__Excerpts from a dataset__
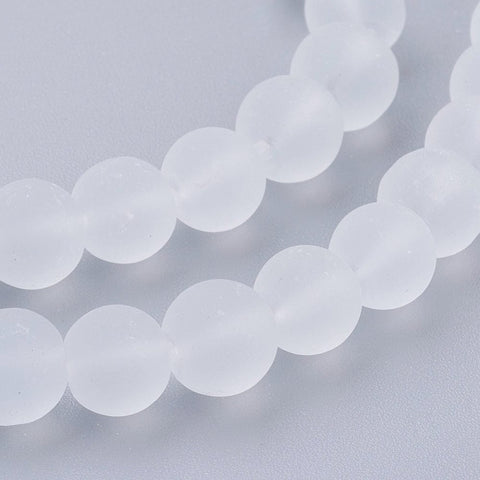 BeadsBalzar Beads & Crafts White Transparent Glass Bead Strands, Frosted, Round, 8mm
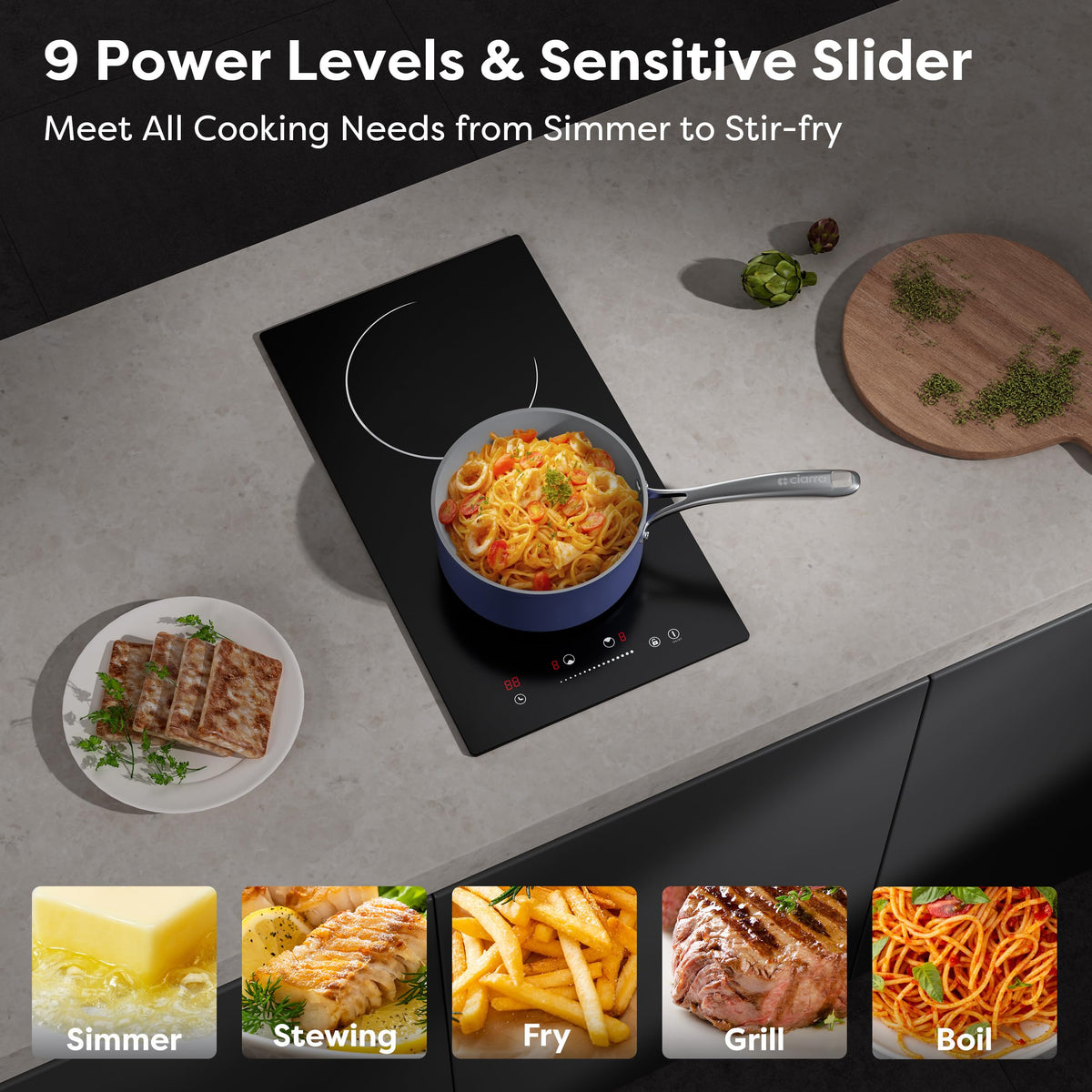 CDV 30cm Ceramic Hob 2 Rings 3200W Dual Ring Built-in Hardwired CDVER322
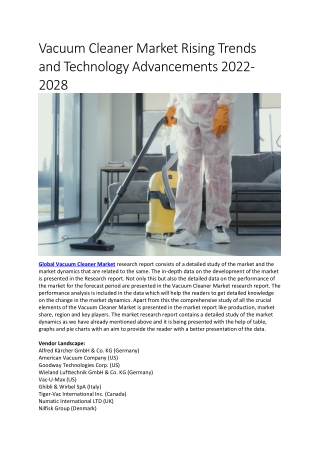 Vacuum Cleaner Market Rising Trends and Technology Advancements 2022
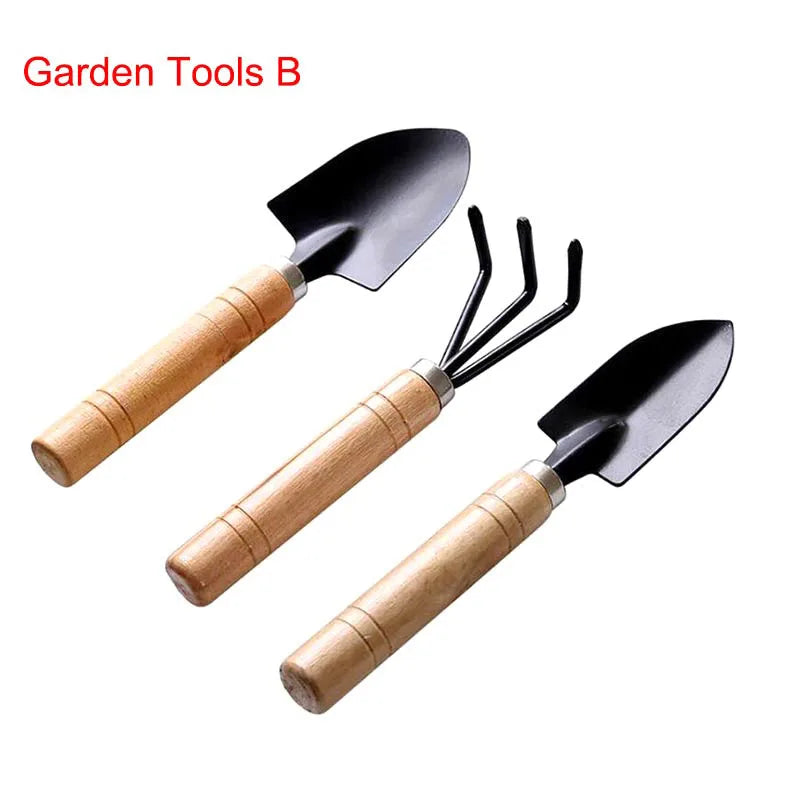 ensemble jardinage outils pelle houe brosse sac semis arrosoir pot fleurs vert noir moderne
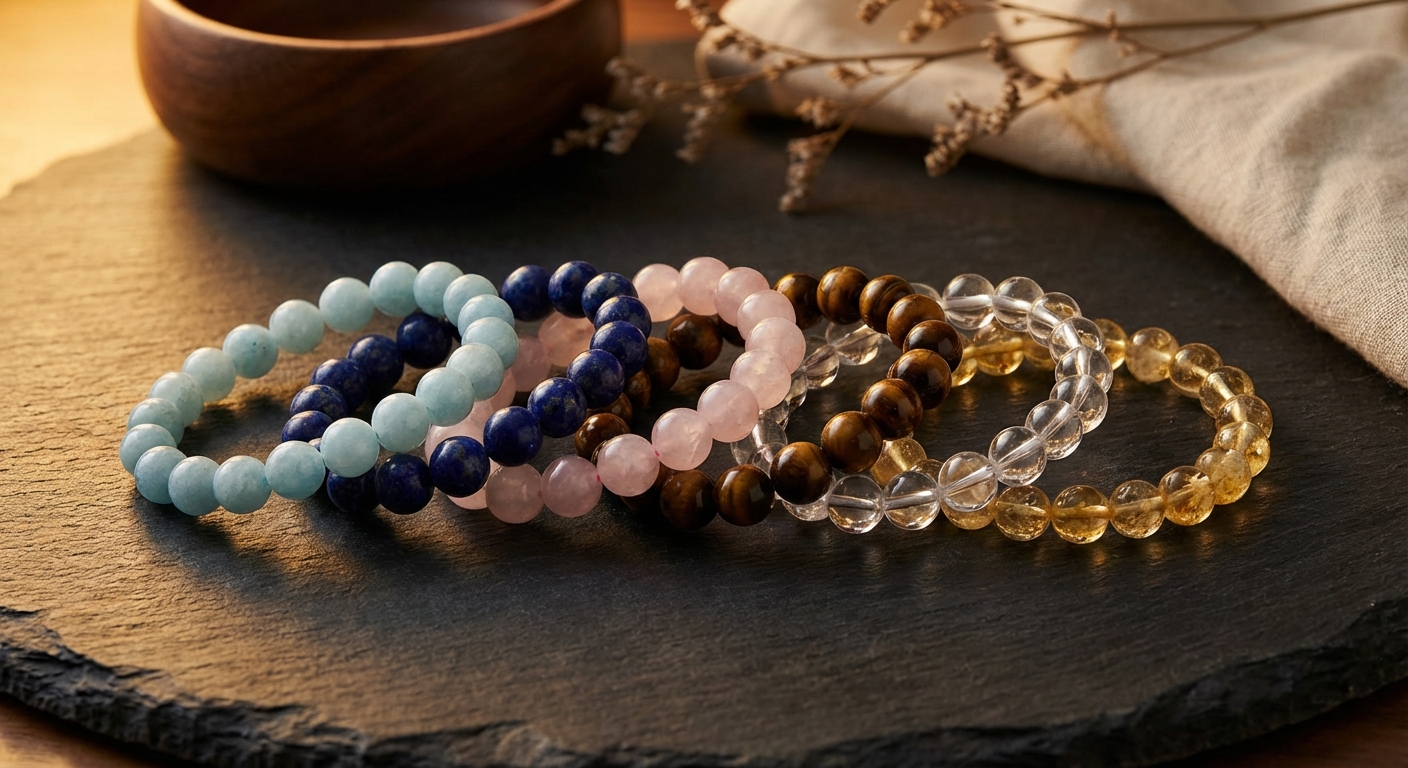 Crystal bead bracelets in aquamarine, lapis lazuli, rose quartz, tiger's eye, clear quartz and citrine on dark slate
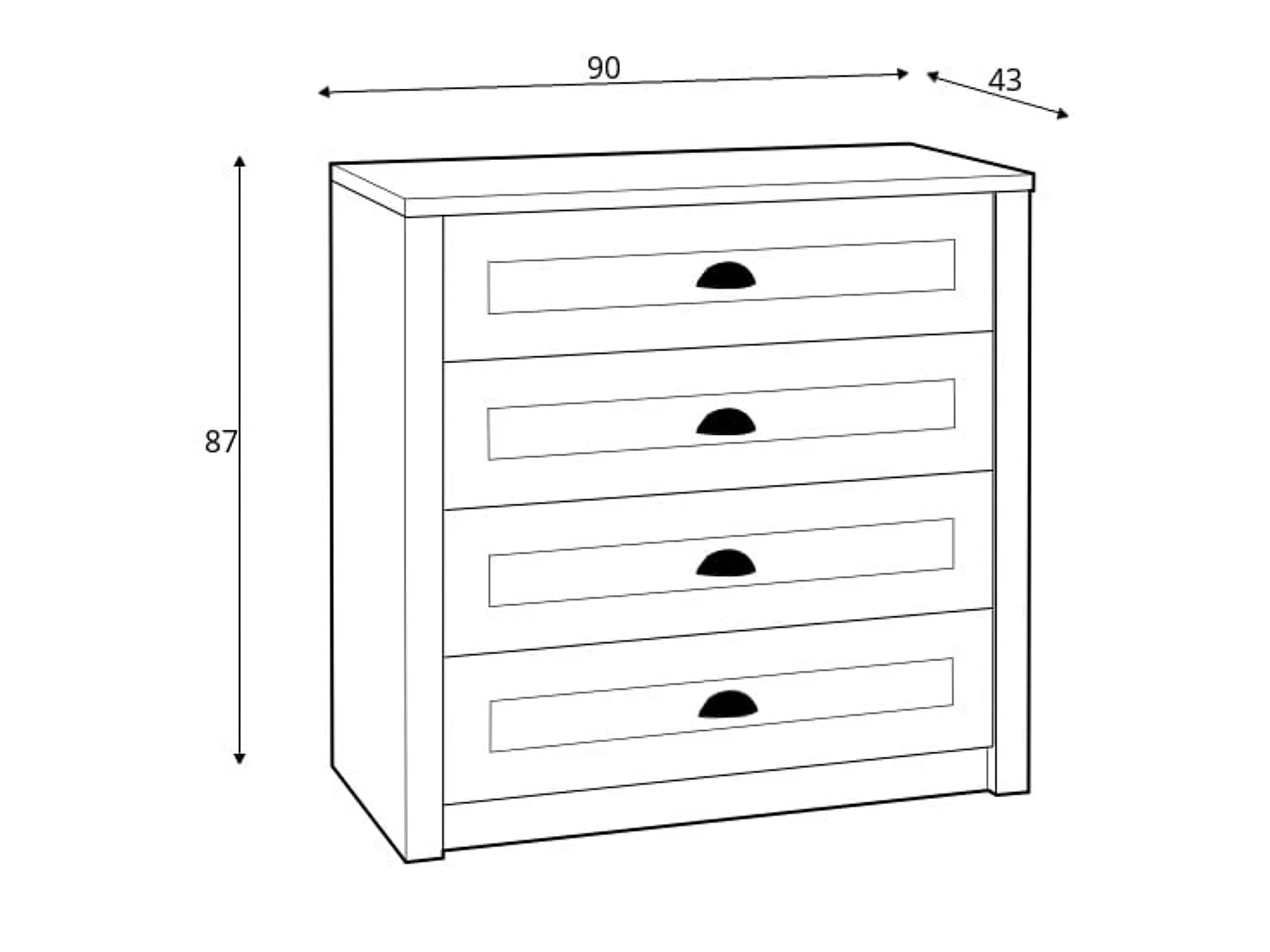Kommode mit 4 Schubladen - zeitloses Design - weiß - LEMAS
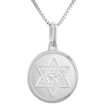 Picture of Dainty Sterling Silver Star of David Medal Necklace 5/8 inch Round Italy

__WORK ITEM__
Leave the pictures out, and retype exactly the lines from the one containing "Vacuum Cleaner Market" through the last line of the entries above, both included.

__ANSWER TO THIS TASK__
 Vacuum Cleaner Market Rising Trends and Technology Advancements 2022
 ensemble jardinage outils pelle houe brosse sac semis arrosoir pot fleurs vert noir moderne
 Crystal bead bracelets in aquamarine, lapis lazuli, rose quartz, tiger's eye, clear quartz and citrine on dark slate
Kommode mit 4 Schubladen - zeitloses Design - weiß - LEMAS
 Picture of Dainty Sterling Silver Star of David Medal Necklace 5/8 inch Round Italy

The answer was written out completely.